Regresó pleno en junio de 2015, cuando el fútbol europeo lo cobijaba. Jugaba en Juventus, lo querían Atlético de Madrid y PSG, descartó unos 20 millones de dólares de China, se inclinó por la Ribera. Ganó títulos locales que no bastaron. Del otro lado, casi al mismo tiempo, un querible Marcelo Gallardo como estratega se convirtió en uno de los máximos ídolos de la historia de River como entrenador. Tal vez, el más grande. ¿Qué tiene que ver? Tal vez, nada. Pero en ese mismo período, en el que el equipo millonario consiguió todo lo que jamás pudo en el campo internacional, Tevez no podía. Polémicas, desatinos, algunos goles. Suplente, más de lo que su estirpe hubiera merecido. Se cansó. Se fue a China en 2017. La pasó mal, extrañaba, volvió. La gente –algunos hinchas-, lo miraron de reojo mientras le reabrían la puerta.

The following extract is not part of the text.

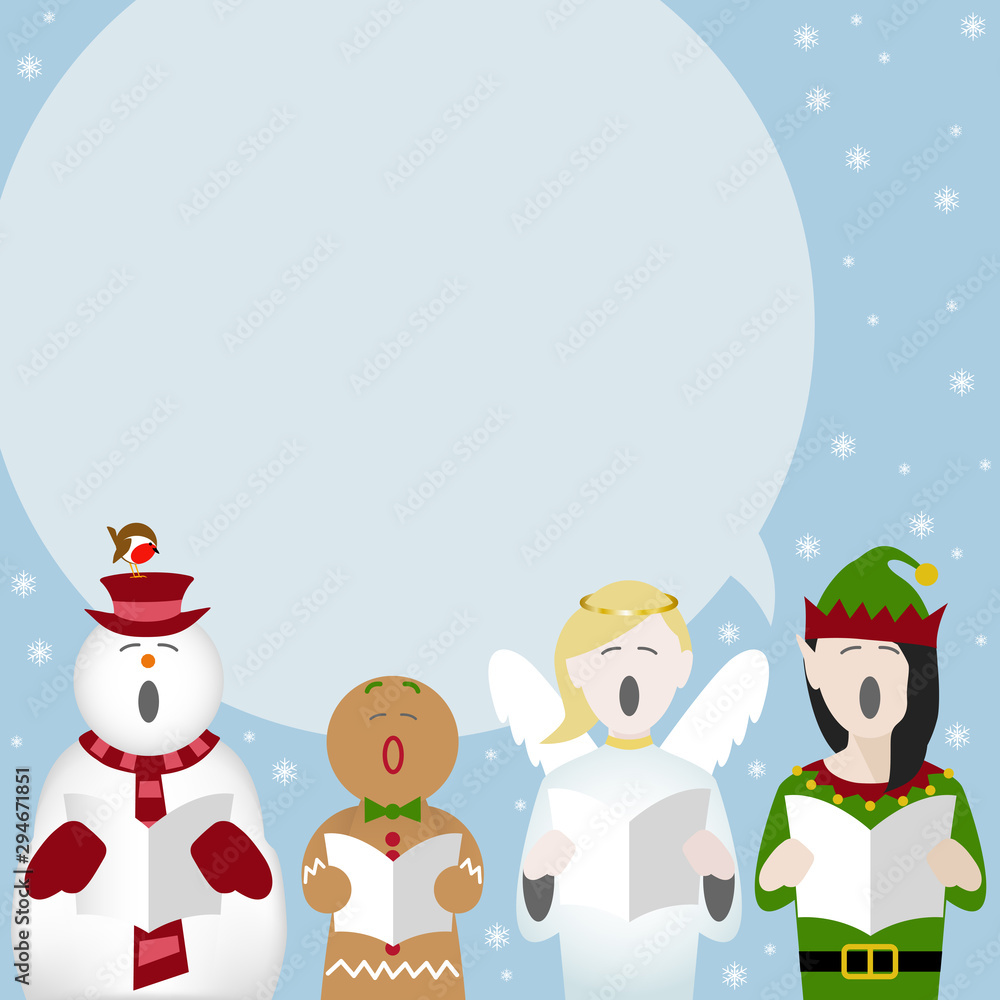 christmas cartoons singing poster christmas cartoons singing poster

“No tengo más nada para dar. Como jugador, lo di todo”. Sus últimos meses fueron –todo un símbolo-, los mejores. El gol a Gimnasia que significó un título –y arrebatado a River en la última función-, algunas pinceladas –de 9, de 10, ¿de qué jugaba Tevez?- en tiempos recientes, el tanto en la Bombonera en el clásico… Ya no era feliz. No lo obsesionaba la copa maldita, la cabeza le daba vueltas. Quería bajarse del mundo que le salvó la vida –como contó más de una vez-, ya no soportaba más nada. El ambiente, las internas, las voces maliciosas. La gloria eterna tenía apenas siete capítulos rumbo al estadio Centenario: hoy, se parece a una soporífera eternidad.
“A los 20 años, el mundo Boca me devoró. Ahora estoy más preparado”, contaba, cuando volvió con otro color político, pleno, feliz. Sufrió mucho más de lo que disfrutó. Ahora, está en paz interior. El futbolista quedó a un costado: ganó el hombre. Y eso está muy bien, es lo mejor que podría haber pasado. Ver el futuro con ojos brillosos -en Estados Unidos, en su casa, en donde sea-, como cuando pisó por primera vez la Bombonera.